Marie Amiot: j’adore l’énorme potentiel québécois, l’énergie, le plaisir et la volonté de bâtir. Quand on y croit, ça marche, c’est euphorisant.

J’ai plus de misère, personnellement, avec les gens qui sont trop coincés dans la bureaucratie ou ceux qui cherchent les bibittes! Quand on lance quelque chose de nouveau, par définition: c’est nouveau et ça bouscule le statu quo! Et ça me dérange quand on pointe du doigt ce qui ne va pas, que l’on cherche l’erreur ou un coupable. Je suis plus du genre à chercher une solution, ensemble, qu’à chercher des coupables.

Dans un startup comme le nôtre, il n’y a pas de place pour ça. Heureusement mes collègues et les partenaires qu’on attire regardent eux aussi vers l’avant.

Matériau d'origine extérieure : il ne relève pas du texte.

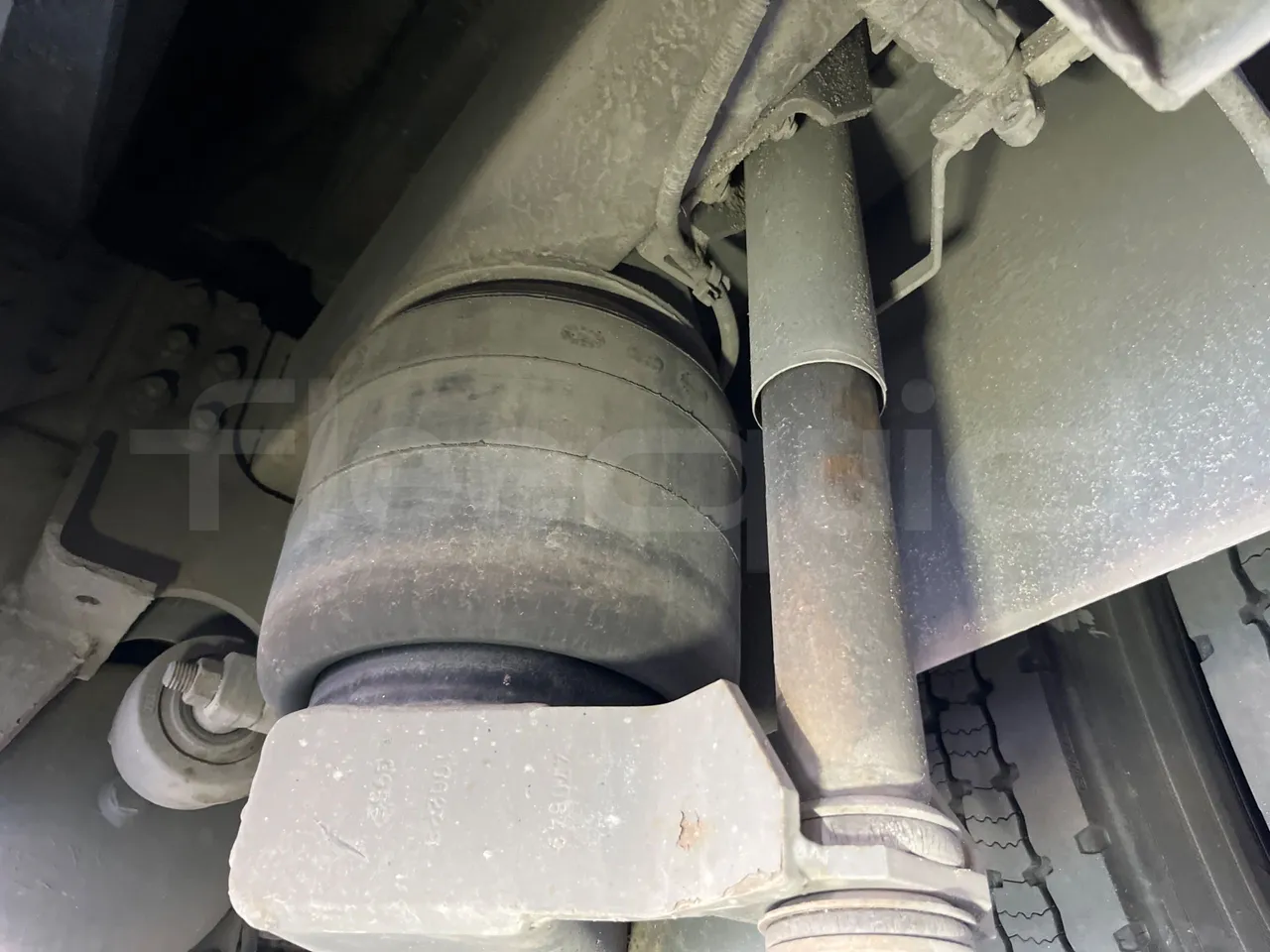 Irizar Scania K320 - EUR5 - 235kW - 12.2m - axle 2 shock absorbers 1 left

Quels conseils donneriez-vous à une femme en début de carrière, avec le recul?

Marie Amiot: le conseil que je donne le plus souvent c’est d’arrêter de toujours commencer ses phrases par « je m’excuse ». C’est un réflexe que de nombreuses femmes ont, elles culpabilisent de ne pas être parfaites et c’est une erreur!

Dans un autre ordre d’idées, je dirais aussi que la générosité rapporte beaucoup plus que vouloir faire les choses uniquement pour soi. Oui, parfois, on a envie d’être plus reconnue, plus riche, mais le partage et le collectif nous amènent vraiment beaucoup plus loin que l’individualisme.

Si vous deviez définir votre carrière, à date, en deux mots, quels seraient-ils?

Marie Amiot: je prendrais deux verbes: bouger et mélanger!